But the horror may have a purpose;  In Deuteronomy 13:11 after a command to stone a transgressor we read "And all Israel shall hear and fear and never again do any such wickedness as this among you." It's really sort of pragmatic. 

So I think Israel might have been commanded to do it, to fear.

For a long time the corruption of these nations was overlooked, and the people were given opportunity to change their ways for hundreds of years.  God mentions their corruption to Abraham, long before Joshua, but tells Abraham that their corruption has not become fully ripe yet. He waits for them to repent of their wickedness!

While it is wise enough to fear God for his Justice, more shockingly strong is his severe sense of compassion and his patience!
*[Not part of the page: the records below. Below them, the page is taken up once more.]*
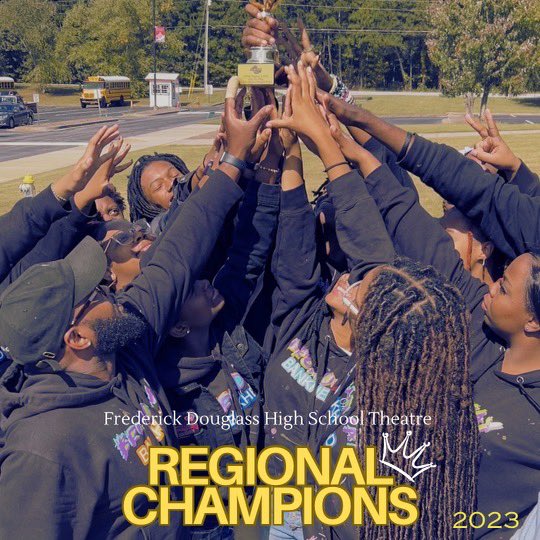 Full of #astropride for our Theatre students and their win.

Regional champs out the gate.
Excellence. Everywhere. Everyday.

The #3E way at THE Frederick Douglass High School

Embrace our rewritten narrative!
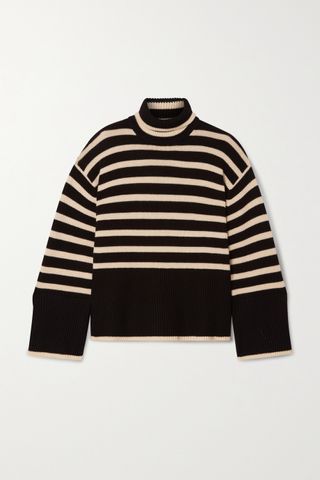 Totême + Striped Wool and Cotton-Blend Turtleneck Sweater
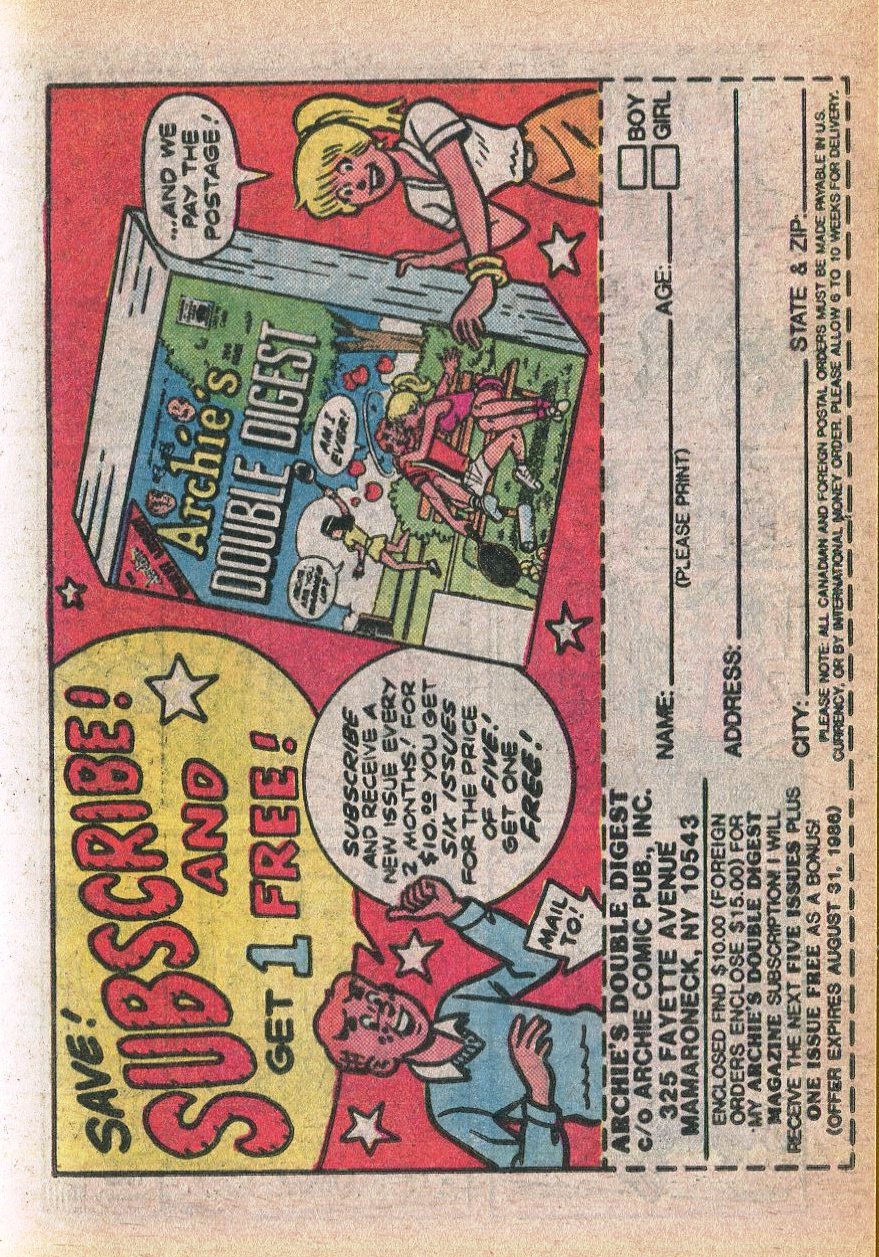 Read online Little Archie Comics Digest Magazine comic -  Issue #21 - 33
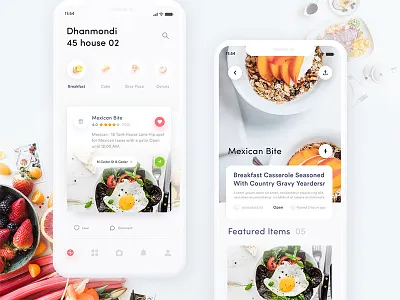 Food Delivery App Exploration ai food app favorite dish food app food order app iphone x app my restaurant app recipe app restaurant home restaurant newsfeed restaurant profile restaurant rating restaurant ui restuarant app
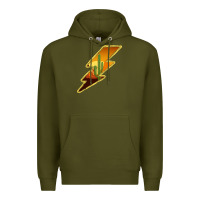 Army Green Cactus Sunset Lightning Premium Hoodie - Bettercallsaul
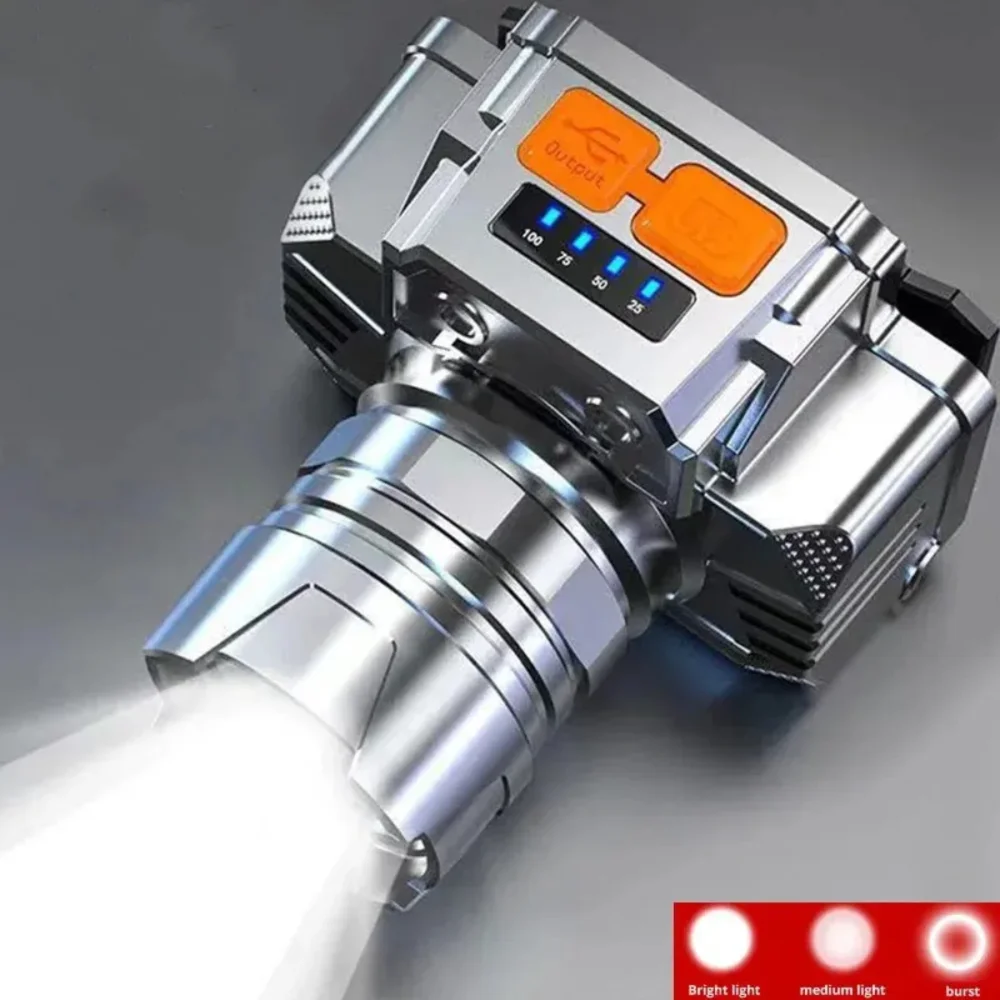 

Light HeadLight Rechargeable Torch Light Front Flashlight Super Bright Waterproof Headlamp Hunting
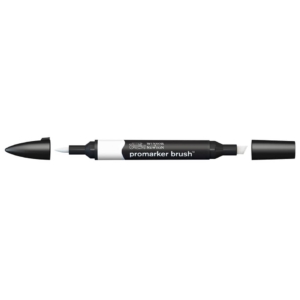 Pennarello Winsor&Newton Promarker Brush doppia punta scalpello-pennello - cool grey 1 - 0204161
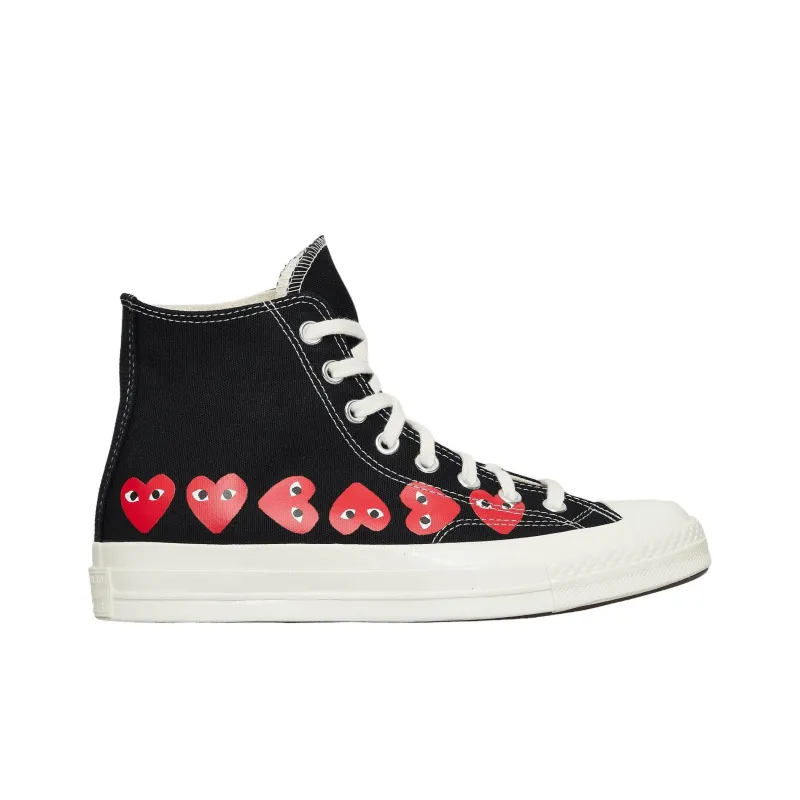 Converse Comme Des Garçons PLAY X Chuck 70 High 'Multi Heart   Black'-1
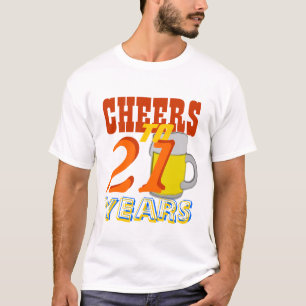 T-shirt Acclamations à 21 ans d'anniversaire de bière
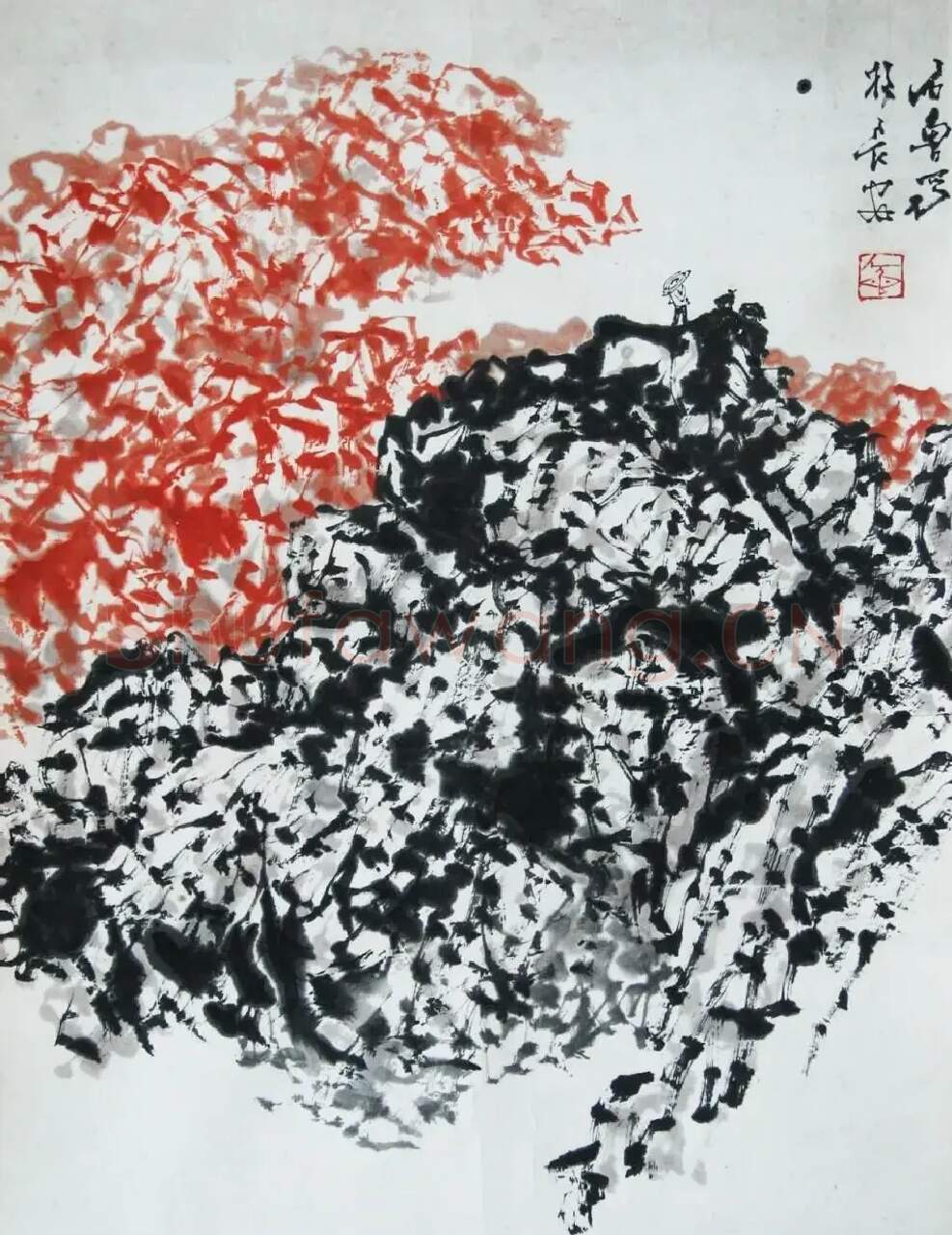 石鲁·陕北高秋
Read the story of king Ahab's repentance!  Read of Jonah's indignation! 

The corruption of these people culminated in the ritualistic sacrifice of Children (not to mention all the other abominations Israel liked to imitate).  The thought of burning children alive is horrendous, to us and to God.  While you cannot blame the children for their parents (a thing God has commanded should not be done) it is something else when the children grow up to be worse sons of hell than their parents.  That over the course of a few generations these nations actually got WORSE. 

But the history is what it is, and the nations survived. 

In the monarchical history of Israel, these nations can get pretty chummy with the chosen people.  King after king after foolish king will even adopt the very same rituals which were supposed to bring about the destruction of those nations.  One of the kings burns his own son!  And God does indeed send someone with the same punishment in hand!  God raises Babylon to decimate Israel!  Just like Israel was to decimate the 7 nations!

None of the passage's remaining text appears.